*Problem to solve:* The answer must be only the lines below from the one holding "Pure Cotton Raglan Colour Block Top" down to the one holding "Стол письменный WellDesk", ends included, printed exactly; please omit all pictures.

*Supplied information:*
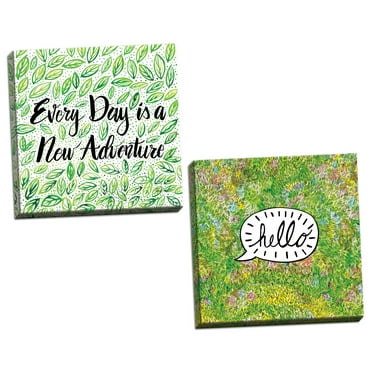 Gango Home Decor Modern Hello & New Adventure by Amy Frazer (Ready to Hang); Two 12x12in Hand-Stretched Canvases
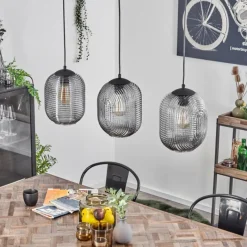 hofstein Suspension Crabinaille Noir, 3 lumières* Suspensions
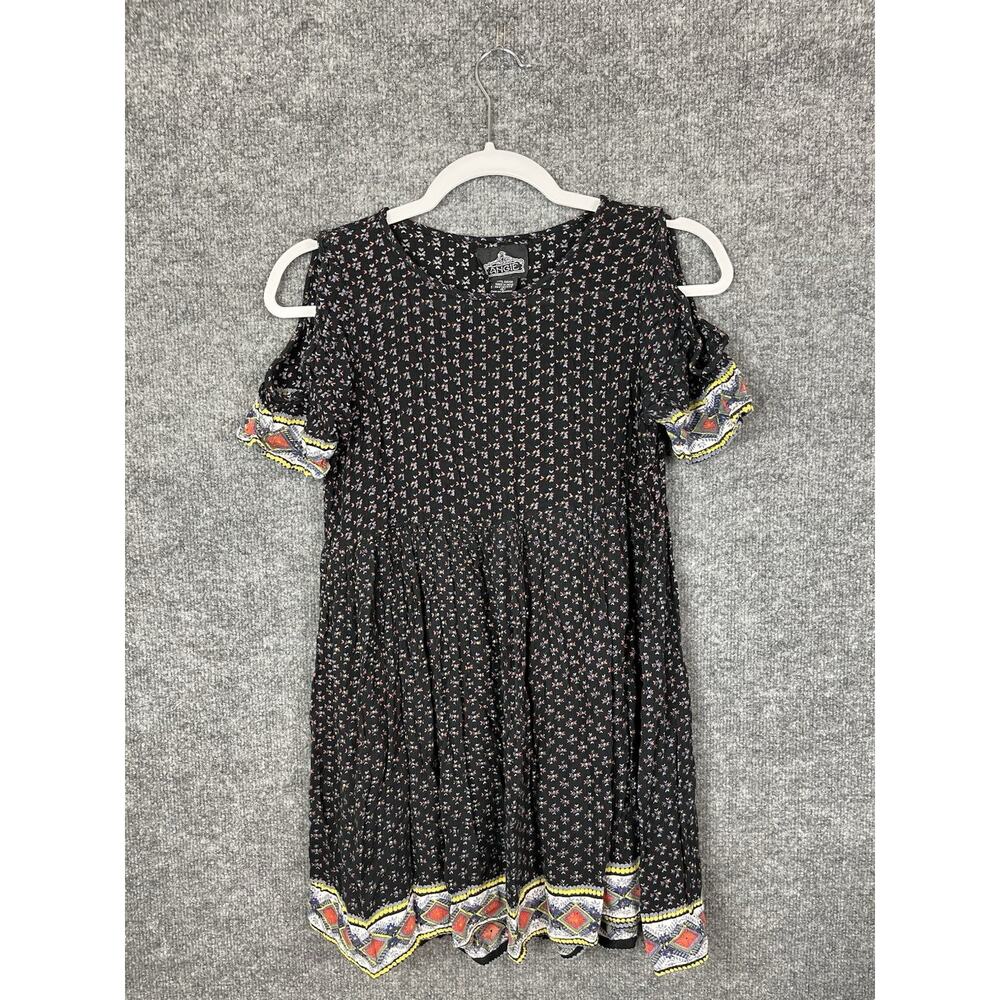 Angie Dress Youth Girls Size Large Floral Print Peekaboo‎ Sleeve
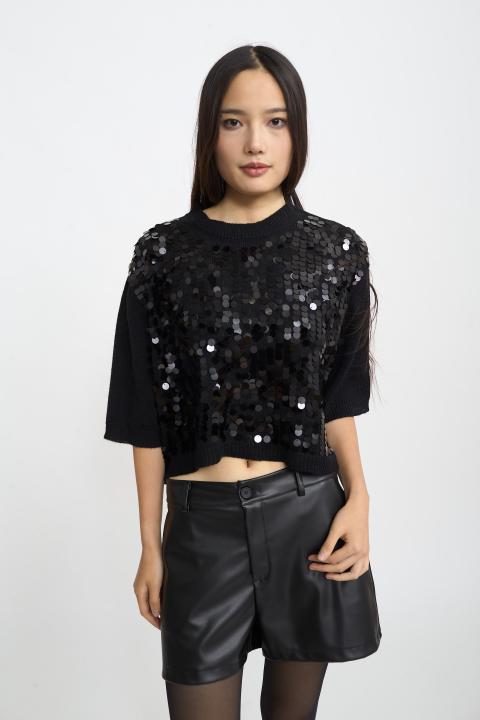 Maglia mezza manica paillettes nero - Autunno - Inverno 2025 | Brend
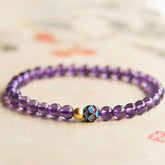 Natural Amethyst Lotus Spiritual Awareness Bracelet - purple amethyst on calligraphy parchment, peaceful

...

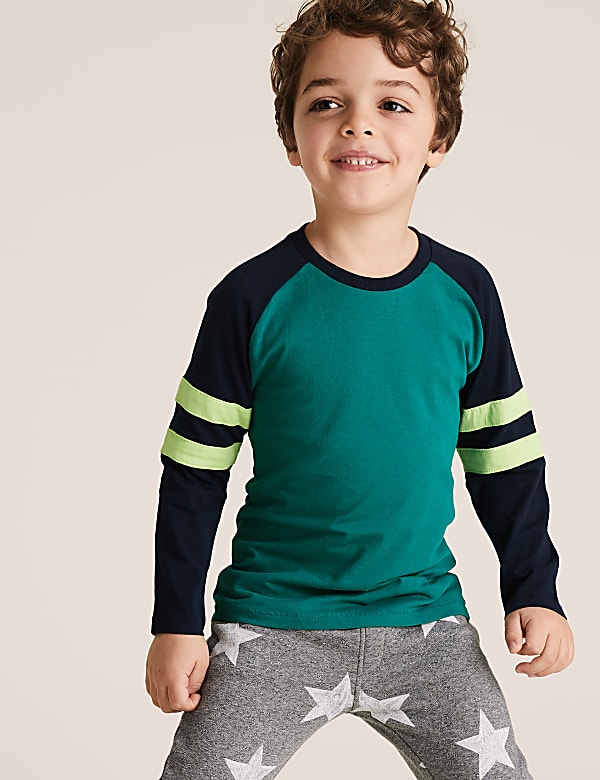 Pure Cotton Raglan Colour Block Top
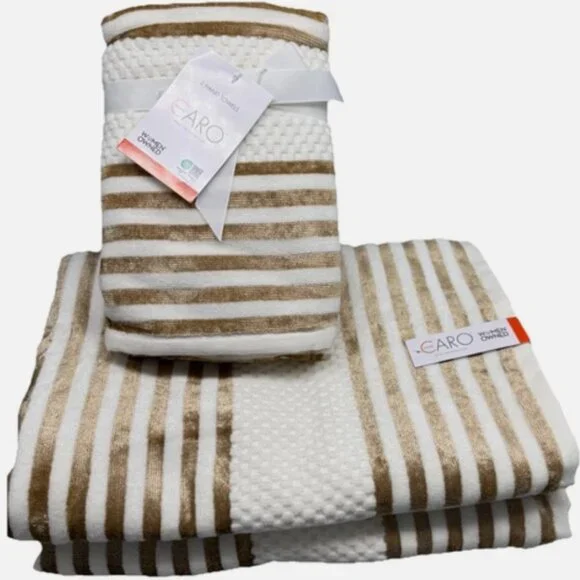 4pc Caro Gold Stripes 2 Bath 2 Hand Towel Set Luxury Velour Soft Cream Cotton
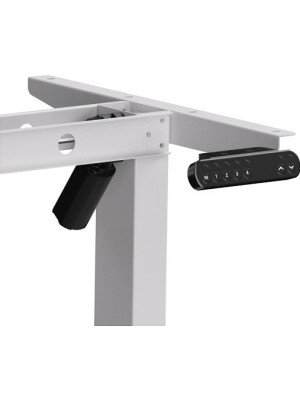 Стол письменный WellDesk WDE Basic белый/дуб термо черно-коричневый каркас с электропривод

==

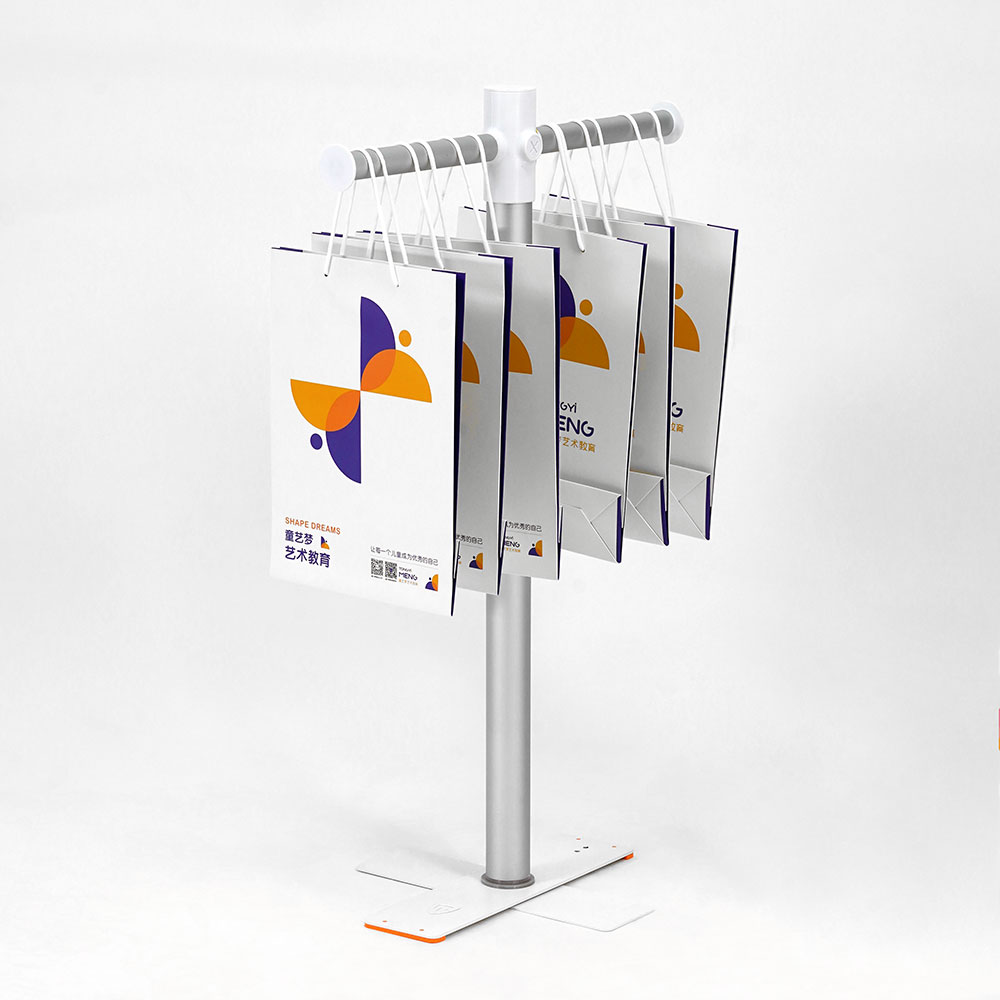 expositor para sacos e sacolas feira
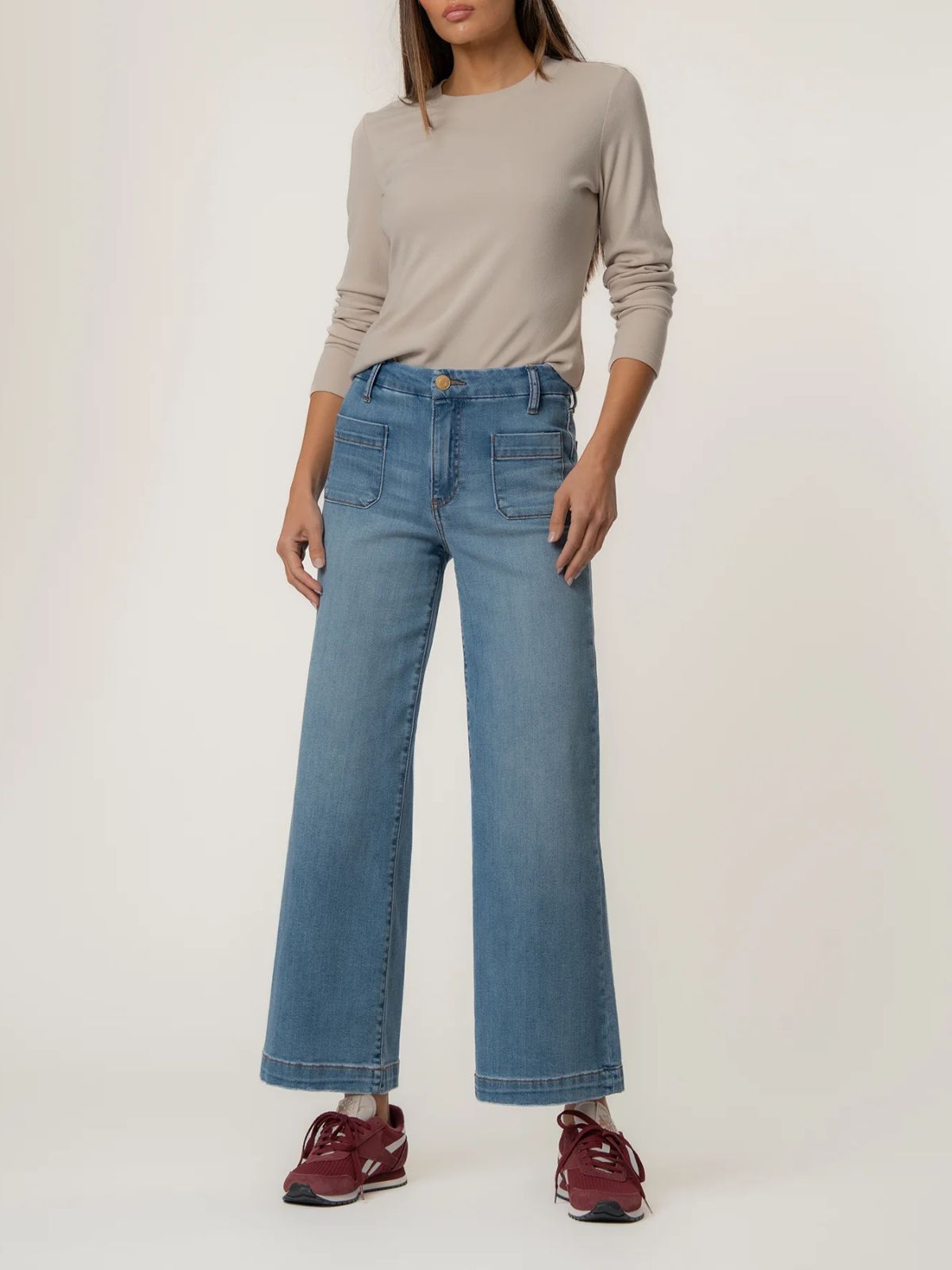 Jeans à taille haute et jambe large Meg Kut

*Exercise answer:*
 Pure Cotton Raglan Colour Block Top
 4pc Caro Gold Stripes 2 Bath 2 Hand Towel Set Luxury Velour Soft Cream Cotton
 Стол письменный WellDesk WDE Basic белый/дуб термо черно-коричневый каркас с электропривод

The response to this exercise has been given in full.